Gradually, then, the ancient idea of friendship…wasn’t so much abandoned in the early church (as Kierkegaard thought) as it was transformed…friendship was now shaped by the cross and the empty tomb. No longer would believers gravitate only toward their social equals; now they would form committed, permanent relationships of affection that cut across lines of enslaved versus free, wealthy versus poor, highborn versus peasant.”


Spiritual Friendship, PAGE 57




A question I plan to ask Wesley in our upcoming interview is in the tension between this wide definition of friendship and where he talks elsewhere about deep, committed, 1 on 1 lifetime covenant friendships. I love this Christian understanding of a widened friendship, one that doesn’t create friendship bonds over self-serving affinity, but forms them based on the relationship we now share in Jesus. But I can’t have a 1 on 1 lifetime covenant friendship with all of those people. That level of commitment just isn’t sustainable with more than 1, maybe 2 people. And in those lifetime covenant friendships, it seems that those must be forged through mutual affinity and connection, where you’d choose this type of friend in a similar way you would choose a spouse. Because otherwise, how could this friendship be life-giving and again, sustainable?





The beginning of chapter 4 marks the beginning of Part 2 (of 2) of the book, where Wesley really starts to get into the weeds of living out covenant friendship, particularly as a gay Christian. He begins the chapter describing a conversation he once had with a reader of his first book Washed and Waiting: Reflections on Christian Faithfulness and Homosexuality, whom he calls Conor. Conor is gay / same-sex attracted and committed to being celibate, like Wesley. He affirms the Bible’s teaching on marriage and sex being between a man and a woman, as Wesley does. Conor’s conundrum is when he tries investing in friendships with guys, he many times will unintentionally develop romantic and/or erotic feelings toward the man he is trying to be friends with. He comes to Wesley for help.

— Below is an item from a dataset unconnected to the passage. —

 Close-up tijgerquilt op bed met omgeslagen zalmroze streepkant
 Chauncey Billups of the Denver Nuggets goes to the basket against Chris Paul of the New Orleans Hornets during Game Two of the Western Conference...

What you have to love and appreciate about Wesley and his writing is that he is dealing with real issues for real people. I find it is so easy for heterosexual married pastors to come up with cookie cutter sermons and treatises on what the Bible says on homosexuality that are just preaching to the choir. They are really only intended to help biblically conservative, heterosexual Christians feel good about their biblical position on a sin that they don’t struggle with at all. These teachings have little-to-no intention of actually helping gay / same-sex attracted Christians who are held in a daily chokehold by their same-sex attraction, something they have little-to-no control over. These church leaders give them very little in the way of options or action steps, which is why so many end up turning away from the Church and pursuing gay sexual relationships and/or keep things bottled up inside with no one to help them as they struggle down paths of deep depression and suicide.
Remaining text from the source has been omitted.